→ **What this task involves**
When the line containing "Filme über wissenschaftliche Ethik" appears in the entries below, begin printing there and stop after the line containing "As Seen on TV My Flexible Mirror"; print each of those lines exactly and no other line.

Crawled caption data
----------------
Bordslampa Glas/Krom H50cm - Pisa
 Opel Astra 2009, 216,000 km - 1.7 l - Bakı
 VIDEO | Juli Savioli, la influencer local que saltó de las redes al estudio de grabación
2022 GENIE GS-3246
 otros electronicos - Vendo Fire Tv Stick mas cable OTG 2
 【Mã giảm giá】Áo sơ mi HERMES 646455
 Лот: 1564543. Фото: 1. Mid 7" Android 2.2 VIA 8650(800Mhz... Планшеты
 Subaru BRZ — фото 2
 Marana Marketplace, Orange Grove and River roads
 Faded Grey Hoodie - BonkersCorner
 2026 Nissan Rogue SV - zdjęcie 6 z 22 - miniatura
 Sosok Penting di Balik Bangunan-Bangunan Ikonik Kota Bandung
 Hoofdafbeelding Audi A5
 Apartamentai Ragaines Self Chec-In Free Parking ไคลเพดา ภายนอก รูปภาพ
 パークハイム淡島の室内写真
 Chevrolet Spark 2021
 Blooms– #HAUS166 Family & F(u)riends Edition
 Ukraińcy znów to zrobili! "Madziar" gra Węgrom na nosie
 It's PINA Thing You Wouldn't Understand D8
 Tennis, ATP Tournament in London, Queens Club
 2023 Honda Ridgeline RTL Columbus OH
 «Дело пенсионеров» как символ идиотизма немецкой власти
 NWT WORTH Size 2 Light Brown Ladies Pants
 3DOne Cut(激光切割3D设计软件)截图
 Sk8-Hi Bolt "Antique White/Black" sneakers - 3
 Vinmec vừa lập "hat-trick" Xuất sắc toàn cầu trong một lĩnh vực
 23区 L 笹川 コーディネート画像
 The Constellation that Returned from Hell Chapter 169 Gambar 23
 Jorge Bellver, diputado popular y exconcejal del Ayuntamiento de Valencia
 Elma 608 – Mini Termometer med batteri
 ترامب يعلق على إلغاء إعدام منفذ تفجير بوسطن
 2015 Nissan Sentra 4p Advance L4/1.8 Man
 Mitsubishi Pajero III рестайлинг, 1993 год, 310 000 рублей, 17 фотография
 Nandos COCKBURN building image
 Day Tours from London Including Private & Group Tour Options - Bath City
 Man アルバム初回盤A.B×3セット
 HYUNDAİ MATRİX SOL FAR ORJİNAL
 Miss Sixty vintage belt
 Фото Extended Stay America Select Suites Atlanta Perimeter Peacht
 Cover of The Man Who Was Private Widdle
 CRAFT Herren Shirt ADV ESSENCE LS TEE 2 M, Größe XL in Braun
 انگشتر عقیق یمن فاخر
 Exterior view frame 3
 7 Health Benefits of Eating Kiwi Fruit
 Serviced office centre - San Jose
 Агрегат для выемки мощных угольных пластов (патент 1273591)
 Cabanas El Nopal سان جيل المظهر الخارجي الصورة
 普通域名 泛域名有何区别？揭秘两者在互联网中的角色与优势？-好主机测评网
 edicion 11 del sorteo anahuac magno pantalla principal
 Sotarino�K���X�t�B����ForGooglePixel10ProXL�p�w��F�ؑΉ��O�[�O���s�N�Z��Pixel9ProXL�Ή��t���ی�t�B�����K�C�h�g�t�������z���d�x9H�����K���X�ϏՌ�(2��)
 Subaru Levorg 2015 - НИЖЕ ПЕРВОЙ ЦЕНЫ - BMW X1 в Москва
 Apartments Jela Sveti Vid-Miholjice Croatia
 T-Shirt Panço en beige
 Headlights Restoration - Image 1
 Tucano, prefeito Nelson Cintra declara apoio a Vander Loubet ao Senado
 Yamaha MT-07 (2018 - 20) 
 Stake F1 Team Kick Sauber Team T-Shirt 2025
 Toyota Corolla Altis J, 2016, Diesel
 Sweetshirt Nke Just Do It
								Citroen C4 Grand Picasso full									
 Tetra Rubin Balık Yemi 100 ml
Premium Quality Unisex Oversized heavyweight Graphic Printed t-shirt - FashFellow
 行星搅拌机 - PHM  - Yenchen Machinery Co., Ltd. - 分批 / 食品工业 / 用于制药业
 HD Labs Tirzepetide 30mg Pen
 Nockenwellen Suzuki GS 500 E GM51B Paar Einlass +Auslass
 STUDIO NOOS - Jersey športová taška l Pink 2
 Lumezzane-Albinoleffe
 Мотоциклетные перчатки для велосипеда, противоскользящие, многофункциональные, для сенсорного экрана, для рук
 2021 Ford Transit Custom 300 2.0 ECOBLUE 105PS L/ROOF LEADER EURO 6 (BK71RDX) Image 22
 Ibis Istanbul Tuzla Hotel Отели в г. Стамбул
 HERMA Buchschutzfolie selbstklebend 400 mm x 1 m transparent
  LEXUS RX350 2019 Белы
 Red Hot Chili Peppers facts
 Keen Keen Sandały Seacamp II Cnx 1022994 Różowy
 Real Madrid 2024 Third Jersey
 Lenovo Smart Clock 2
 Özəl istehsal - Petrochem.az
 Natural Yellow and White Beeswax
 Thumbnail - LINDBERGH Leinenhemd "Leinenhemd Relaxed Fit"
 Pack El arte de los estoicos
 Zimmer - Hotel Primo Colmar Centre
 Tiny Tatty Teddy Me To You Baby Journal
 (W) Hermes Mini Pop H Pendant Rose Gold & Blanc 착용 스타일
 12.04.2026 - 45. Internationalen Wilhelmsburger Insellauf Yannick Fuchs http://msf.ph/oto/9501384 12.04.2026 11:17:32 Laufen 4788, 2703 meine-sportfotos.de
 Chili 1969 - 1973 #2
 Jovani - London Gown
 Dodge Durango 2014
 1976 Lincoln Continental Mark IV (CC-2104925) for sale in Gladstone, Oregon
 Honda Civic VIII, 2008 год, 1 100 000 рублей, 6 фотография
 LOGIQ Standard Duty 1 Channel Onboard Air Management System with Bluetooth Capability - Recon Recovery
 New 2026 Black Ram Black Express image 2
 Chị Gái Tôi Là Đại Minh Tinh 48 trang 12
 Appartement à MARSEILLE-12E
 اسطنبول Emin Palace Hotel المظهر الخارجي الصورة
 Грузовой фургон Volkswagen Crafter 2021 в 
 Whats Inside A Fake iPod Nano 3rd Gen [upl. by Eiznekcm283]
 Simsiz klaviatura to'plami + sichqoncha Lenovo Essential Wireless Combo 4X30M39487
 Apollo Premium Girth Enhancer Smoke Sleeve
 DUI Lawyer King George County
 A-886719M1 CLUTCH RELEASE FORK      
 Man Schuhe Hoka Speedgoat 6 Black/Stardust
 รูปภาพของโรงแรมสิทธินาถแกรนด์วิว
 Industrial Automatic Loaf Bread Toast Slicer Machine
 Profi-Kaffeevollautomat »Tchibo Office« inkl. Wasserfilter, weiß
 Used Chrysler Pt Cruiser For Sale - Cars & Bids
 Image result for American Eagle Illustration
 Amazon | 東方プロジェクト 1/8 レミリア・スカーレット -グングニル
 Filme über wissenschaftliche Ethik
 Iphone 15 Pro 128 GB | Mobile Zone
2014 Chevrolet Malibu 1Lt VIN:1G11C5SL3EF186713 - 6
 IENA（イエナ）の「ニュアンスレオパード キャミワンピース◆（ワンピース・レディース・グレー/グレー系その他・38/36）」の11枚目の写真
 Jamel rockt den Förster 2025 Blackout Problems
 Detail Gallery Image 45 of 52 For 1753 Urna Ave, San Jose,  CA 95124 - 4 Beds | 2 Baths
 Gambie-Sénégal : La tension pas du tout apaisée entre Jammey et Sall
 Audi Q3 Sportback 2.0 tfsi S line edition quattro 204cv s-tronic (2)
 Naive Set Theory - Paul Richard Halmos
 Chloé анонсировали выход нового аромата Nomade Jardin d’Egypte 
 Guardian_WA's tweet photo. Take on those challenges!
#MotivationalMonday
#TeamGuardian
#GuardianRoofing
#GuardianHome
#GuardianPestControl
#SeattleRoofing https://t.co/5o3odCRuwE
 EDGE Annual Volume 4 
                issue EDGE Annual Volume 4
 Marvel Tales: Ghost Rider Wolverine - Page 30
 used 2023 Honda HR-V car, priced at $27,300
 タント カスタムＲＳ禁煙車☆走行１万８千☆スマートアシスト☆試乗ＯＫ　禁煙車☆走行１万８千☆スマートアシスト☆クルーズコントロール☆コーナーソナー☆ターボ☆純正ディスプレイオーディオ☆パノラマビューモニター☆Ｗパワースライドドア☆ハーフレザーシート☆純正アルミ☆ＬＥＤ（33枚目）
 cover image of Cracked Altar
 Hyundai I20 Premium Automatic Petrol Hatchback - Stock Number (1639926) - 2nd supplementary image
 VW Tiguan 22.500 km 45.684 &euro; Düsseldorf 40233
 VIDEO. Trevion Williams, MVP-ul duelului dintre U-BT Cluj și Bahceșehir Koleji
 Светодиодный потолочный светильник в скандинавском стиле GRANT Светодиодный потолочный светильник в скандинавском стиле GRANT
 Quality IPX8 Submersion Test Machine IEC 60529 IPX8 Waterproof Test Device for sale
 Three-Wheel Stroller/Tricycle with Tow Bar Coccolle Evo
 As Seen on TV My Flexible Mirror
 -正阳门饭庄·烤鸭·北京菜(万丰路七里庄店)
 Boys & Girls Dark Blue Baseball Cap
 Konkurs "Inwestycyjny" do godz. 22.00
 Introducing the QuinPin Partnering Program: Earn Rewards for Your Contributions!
----------------
→ **Answer section**
 Filme über wissenschaftliche Ethik
 Iphone 15 Pro 128 GB | Mobile Zone
2014 Chevrolet Malibu 1Lt VIN:1G11C5SL3EF186713 - 6
 IENA（イエナ）の「ニュアンスレオパード キャミワンピース◆（ワンピース・レディース・グレー/グレー系その他・38/36）」の11枚目の写真
 Jamel rockt den Förster 2025 Blackout Problems
 Detail Gallery Image 45 of 52 For 1753 Urna Ave, San Jose,  CA 95124 - 4 Beds | 2 Baths
 Gambie-Sénégal : La tension pas du tout apaisée entre Jammey et Sall
 Audi Q3 Sportback 2.0 tfsi S line edition quattro 204cv s-tronic (2)
 Naive Set Theory - Paul Richard Halmos
 Chloé анонсировали выход нового аромата Nomade Jardin d’Egypte 
 Guardian_WA's tweet photo. Take on those challenges!
#MotivationalMonday
#TeamGuardian
#GuardianRoofing
#GuardianHome
#GuardianPestControl
#SeattleRoofing https://t.co/5o3odCRuwE
 EDGE Annual Volume 4 
                issue EDGE Annual Volume 4
 Marvel Tales: Ghost Rider Wolverine - Page 30
 used 2023 Honda HR-V car, priced at $27,300
 タント カスタムＲＳ禁煙車☆走行１万８千☆スマートアシスト☆試乗ＯＫ　禁煙車☆走行１万８千☆スマートアシスト☆クルーズコントロール☆コーナーソナー☆ターボ☆純正ディスプレイオーディオ☆パノラマビューモニター☆Ｗパワースライドドア☆ハーフレザーシート☆純正アルミ☆ＬＥＤ（33枚目）
 cover image of Cracked Altar
 Hyundai I20 Premium Automatic Petrol Hatchback - Stock Number (1639926) - 2nd supplementary image
 VW Tiguan 22.500 km 45.684 &euro; Düsseldorf 40233
 VIDEO. Trevion Williams, MVP-ul duelului dintre U-BT Cluj și Bahceșehir Koleji
 Светодиодный потолочный светильник в скандинавском стиле GRANT Светодиодный потолочный светильник в скандинавском стиле GRANT
 Quality IPX8 Submersion Test Machine IEC 60529 IPX8 Waterproof Test Device for sale
 Three-Wheel Stroller/Tricycle with Tow Bar Coccolle Evo
 As Seen on TV My Flexible Mirror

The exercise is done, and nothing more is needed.